Most teams treat planning as an administrative hurdle. A meeting to get through so they can start the real work. That's backwards. The planning phase sets the trajectory for everything that follows. Scope work too large and you'll spend months delivering something nobody wants. Exclude infrastructure engineers from prioritization and you'll accumulate technical debt that eventually stops feature development cold. Let bad news stay buried and you'll be blindsided by problems that were visible to someone on the team weeks ago.

In Part 1, I introduced the software development lifecycle I use: Plan, Build, Deploy, Release, Operate, Monitor. Each stage has capabilities that predict performance, and performance predicts business outcomes. That's the DORA model. In this post, we're going deep on Plan, the stage where culture, process, and leadership converge to determine whether the rest of the cycle even has a chance.

Culture Is the Operating System

Before we talk about backlogs and prioritization meetings, we need to talk about culture. Not the "we have ping pong tables" kind. The kind that determines whether information flows or gets stuck.

Ron Westrum, a sociologist who studied high-risk industries like aviation and healthcare, identified three types of organizational culture based on how they process information:

Pathological cultures are power-oriented. Cooperation is low. Messengers get punished. When something goes wrong, someone gets blamed. New ideas get crushed because they threaten the existing power structure.

Bureaucratic cultures are rule-oriented. Cooperation is modest. Messengers get neglected, not punished, just ignored. Responsibilities are narrow and siloed. New ideas create problems because they don't fit existing processes.

Generative cultures are performance-oriented. Cooperation is high. Messengers are trained, and the organization actively wants bad news so it can fix problems early. Responsibilities are shared. Failure leads to inquiry, not blame. New ideas get implemented.

DORA's research validated what Westrum found: generative cultures predict both software delivery performance and organizational performance. Google's two-year study on team effectiveness found the same thing. High-performing teams need psychological safety, meaningful work, and clarity. This is the capability DORA calls Generative Organizational Culture, and it's foundational to everything else.

The planning phase is where culture shows up first. Consider what happens when someone brings bad news to a planning meeting. The infrastructure engineer who says "we need to upgrade the database before we can build this feature" or the developer who says "the estimate for this is way off, we're looking at three months, not three weeks."
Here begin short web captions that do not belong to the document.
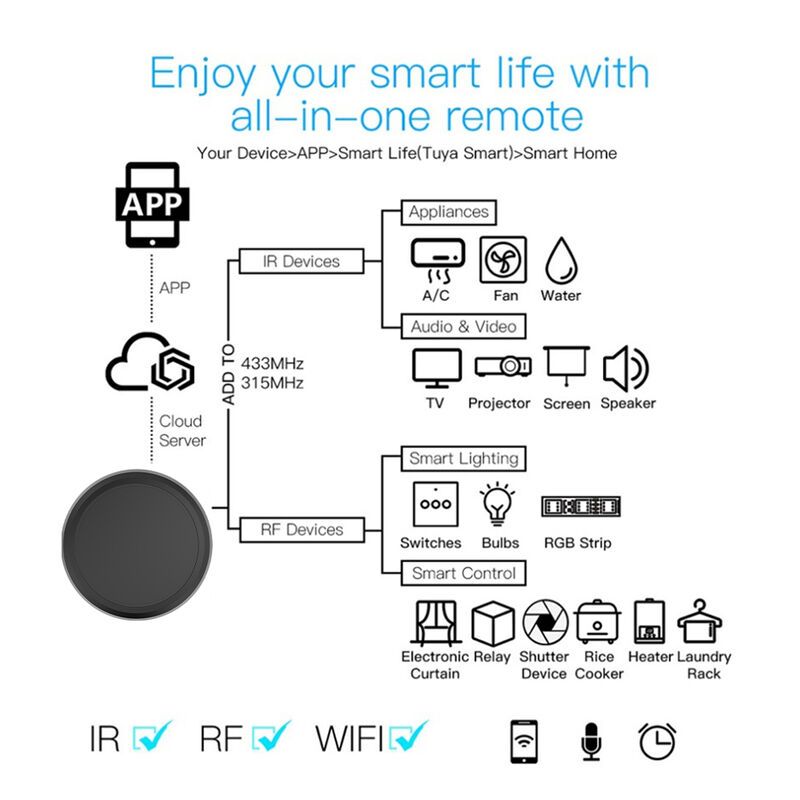 Tuya Smart Home Universal Fernbedienungsschalter, DC 5V Relais Wifi IR RF, Tuya/Smartlife kompatibel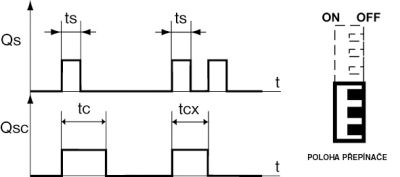 Multifunkční časový spínač ELEKTROBOCK CS34M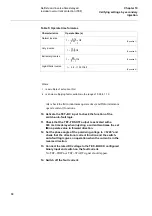 Preview for 74 page of ABB REL 505-C1 2.3 Series Installation And Commissioning Manual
In a pathological culture, that person learns to keep their mouth shut next time. In a bureaucratic culture, the information gets logged somewhere and ignored. In a generative culture, the team adapts because the goal is performance, not protecting anyone's ego or preserving the original plan.

If you're a founder or CTO, your behavior in planning meetings sets the tone. Do you reward people who surface problems early? Do you change direction when new information contradicts the plan? Or do you shoot the messenger and wonder why nobody tells you anything until it's too late?

Everyone mentally agrees they want a generative culture. But if you receive bad news and don't make any plans, or delay addressing it in favor of a shiny feature, you're not there. Messengers want to feel heard. They want to know you understand the impact of what they're telling you. If it wasn't important to them, they wouldn't bring it up. When you hear bad news, make it a point to investigate. Not everything needs to be acted upon, but it needs to be validated and the risks assessed.

In Team Topologies, Matthew Skelton and Manuel Pais emphasize cross-functional teams with shared responsibility. That structure only works if the culture supports it. You can reorganize your teams into stream-aligned and platform topologies all you want. If people don't feel safe sharing information across boundaries, those boundaries will calcify into silos.

How Work Enters the System

Every team has more ideas than capacity. The planning phase is where you decide which ideas become work, and which work gets done first.

The typical flow looks like this: ideas come from somewhere (customers, stakeholders, the team itself), they get captured in a backlog, and then they get prioritized into whatever execution cadence you use, whether that's sprints, cycles, or continuous flow. Simple enough. But most teams get this wrong in predictable ways.

Who Has Input

The first question is who gets to add ideas to the backlog and who gets a voice in prioritization.

In many organizations, this is limited to product managers and executives. That's a mistake. Developers see technical debt that's slowing them down. Infrastructure engineers see stability risks that aren't visible to anyone else. Support teams hear customer pain points that never make it into formal feedback channels.

Everyone who touches the software development lifecycle should have input into what gets worked on. That doesn't mean every idea gets prioritized. It means every perspective gets heard before prioritization happens.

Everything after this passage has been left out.